Last week, The Liberal Party furiously wagged the finger of blame for the current energy crisis on the three-week-old Labor government.
The truth is, the seeds of the crisis were sown because the previous Liberal and National coalition government, under the guidance of Scott Morrison and former energy minister Angus Taylor, pussy footed around so appallingly with its energy and climate policies. Over nine years, the previous government preferred to play politics instead of landing a concrete policy that businesses and consumers could rely upon. But the Libs and Nats can't shoulder all the blame.
The Greens are the real villains. Yes, you read correctly, the Greens, those audacious defenders of the environment, are ultimately responsible for laying the groundwork for the Libs and Nats to do their nefarious work.
When Kevin Rudd was PM in 2009, the Greens voted with the Coalition in the Senate to defeat the Labor government's Carbon Pollution Reduction Scheme. The scheme was a price mechanism intended to inspire emissions reduction and the adoption of renewable energy. When Bob Brown's Greens voted it down, Tony Abbott had been opposition leader for one day after a divisive feud within the party room over its Malcolm Turnbull-led climate policy.
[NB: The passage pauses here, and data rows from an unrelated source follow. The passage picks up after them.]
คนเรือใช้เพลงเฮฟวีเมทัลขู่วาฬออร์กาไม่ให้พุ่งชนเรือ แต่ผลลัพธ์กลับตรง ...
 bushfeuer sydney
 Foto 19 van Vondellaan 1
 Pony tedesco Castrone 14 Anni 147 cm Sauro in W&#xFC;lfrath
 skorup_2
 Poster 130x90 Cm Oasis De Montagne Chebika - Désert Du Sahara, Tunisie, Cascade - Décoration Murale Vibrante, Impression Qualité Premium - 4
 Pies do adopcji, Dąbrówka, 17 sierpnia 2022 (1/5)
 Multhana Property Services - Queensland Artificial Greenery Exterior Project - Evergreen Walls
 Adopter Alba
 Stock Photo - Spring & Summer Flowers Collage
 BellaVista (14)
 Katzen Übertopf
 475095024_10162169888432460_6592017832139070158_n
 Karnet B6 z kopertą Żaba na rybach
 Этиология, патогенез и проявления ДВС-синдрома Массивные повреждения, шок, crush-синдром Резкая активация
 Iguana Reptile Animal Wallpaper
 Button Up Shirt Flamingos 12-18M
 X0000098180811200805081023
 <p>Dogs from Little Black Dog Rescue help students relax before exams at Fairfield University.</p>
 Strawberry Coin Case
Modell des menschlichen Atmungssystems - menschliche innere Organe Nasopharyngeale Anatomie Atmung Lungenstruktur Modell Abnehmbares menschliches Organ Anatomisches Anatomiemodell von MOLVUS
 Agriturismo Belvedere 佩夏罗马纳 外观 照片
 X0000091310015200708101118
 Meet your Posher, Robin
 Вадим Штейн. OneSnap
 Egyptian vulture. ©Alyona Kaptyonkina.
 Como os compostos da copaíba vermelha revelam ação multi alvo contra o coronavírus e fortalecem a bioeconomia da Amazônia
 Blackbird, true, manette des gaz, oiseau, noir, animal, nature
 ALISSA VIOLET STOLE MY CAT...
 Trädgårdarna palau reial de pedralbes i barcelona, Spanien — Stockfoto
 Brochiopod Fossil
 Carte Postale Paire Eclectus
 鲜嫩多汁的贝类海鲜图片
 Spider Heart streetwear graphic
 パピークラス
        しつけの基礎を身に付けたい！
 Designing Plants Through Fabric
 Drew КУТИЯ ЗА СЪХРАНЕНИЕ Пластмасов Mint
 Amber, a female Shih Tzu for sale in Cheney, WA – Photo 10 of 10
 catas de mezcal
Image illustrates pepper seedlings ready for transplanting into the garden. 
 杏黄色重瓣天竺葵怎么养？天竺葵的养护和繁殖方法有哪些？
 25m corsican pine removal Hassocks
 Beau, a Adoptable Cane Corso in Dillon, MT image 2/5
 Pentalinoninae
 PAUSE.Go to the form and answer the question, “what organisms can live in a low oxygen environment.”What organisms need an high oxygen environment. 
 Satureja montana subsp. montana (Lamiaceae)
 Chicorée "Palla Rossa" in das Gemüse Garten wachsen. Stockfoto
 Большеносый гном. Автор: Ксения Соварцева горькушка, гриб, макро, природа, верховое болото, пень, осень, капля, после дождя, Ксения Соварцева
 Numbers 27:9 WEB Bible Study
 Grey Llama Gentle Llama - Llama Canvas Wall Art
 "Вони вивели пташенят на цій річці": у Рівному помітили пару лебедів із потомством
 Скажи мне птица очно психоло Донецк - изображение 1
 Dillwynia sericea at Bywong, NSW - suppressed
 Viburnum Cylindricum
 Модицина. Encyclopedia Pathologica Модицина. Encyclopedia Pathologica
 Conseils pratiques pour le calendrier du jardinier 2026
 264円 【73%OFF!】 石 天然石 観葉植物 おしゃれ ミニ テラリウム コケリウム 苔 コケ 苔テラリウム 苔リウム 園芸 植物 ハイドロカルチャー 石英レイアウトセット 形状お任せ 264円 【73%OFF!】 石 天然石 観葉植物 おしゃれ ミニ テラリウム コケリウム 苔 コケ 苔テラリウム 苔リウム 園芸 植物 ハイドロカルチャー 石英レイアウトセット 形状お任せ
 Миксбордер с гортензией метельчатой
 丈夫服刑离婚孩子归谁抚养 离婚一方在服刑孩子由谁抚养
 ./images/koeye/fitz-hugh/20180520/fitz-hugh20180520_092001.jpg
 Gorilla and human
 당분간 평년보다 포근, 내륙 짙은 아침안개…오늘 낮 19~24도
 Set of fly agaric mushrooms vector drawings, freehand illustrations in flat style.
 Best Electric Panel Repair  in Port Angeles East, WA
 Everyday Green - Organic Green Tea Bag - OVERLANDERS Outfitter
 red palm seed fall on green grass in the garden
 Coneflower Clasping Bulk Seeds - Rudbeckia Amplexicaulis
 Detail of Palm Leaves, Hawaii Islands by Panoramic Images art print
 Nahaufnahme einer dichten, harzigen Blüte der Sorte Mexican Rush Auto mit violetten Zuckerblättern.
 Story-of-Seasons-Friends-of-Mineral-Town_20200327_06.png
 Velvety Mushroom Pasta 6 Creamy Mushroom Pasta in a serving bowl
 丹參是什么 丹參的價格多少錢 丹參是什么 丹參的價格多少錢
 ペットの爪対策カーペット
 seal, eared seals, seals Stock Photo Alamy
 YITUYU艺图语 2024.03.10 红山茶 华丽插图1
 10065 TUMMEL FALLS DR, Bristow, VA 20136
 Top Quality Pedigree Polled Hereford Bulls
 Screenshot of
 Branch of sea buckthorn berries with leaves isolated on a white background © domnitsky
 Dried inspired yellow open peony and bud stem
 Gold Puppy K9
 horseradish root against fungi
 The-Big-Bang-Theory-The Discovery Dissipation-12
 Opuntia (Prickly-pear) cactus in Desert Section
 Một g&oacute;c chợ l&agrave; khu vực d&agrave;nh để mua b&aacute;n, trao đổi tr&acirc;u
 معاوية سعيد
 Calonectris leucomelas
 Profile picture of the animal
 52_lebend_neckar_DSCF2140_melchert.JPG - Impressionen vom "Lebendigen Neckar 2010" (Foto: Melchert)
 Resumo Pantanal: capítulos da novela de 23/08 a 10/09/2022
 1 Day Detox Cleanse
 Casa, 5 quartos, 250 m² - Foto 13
The problem with the Greens is they often pursue the perfect at the cost of the good, which in this case led to no carbon reduction policy at all. The passing of the CPRS would have likely consigned the climate wars to a few angry right-wing zealots shaking their fists at the sky. The Greens defended the decision by saying they supported Julia Gillard's carbon pricing scheme, which turned out to be better than Rudd's CPRS. But, the Greens supporting that policy was of no consequence because by that stage, the rot had set in, with the Liberals getting invaluable support from the Murdoch media in a 'Carbon Tax is bad' campaign. Had the CPRS been legislated, businesses would have had the certainty to invest in renewable energy, and energy consumers would have been spared the horrid politics of a decade of climate and energy policy hesitation that's come back to bite us on the backside now.
I reckon the voting public ended the climate wars in 2022. So, surely the Libs, after losing so many seats to climate action independents won't repeat Abbott and Morrison's mantra in this stint in opposition, and surely the Greens have learned from their mistake in 2009. We can only hope.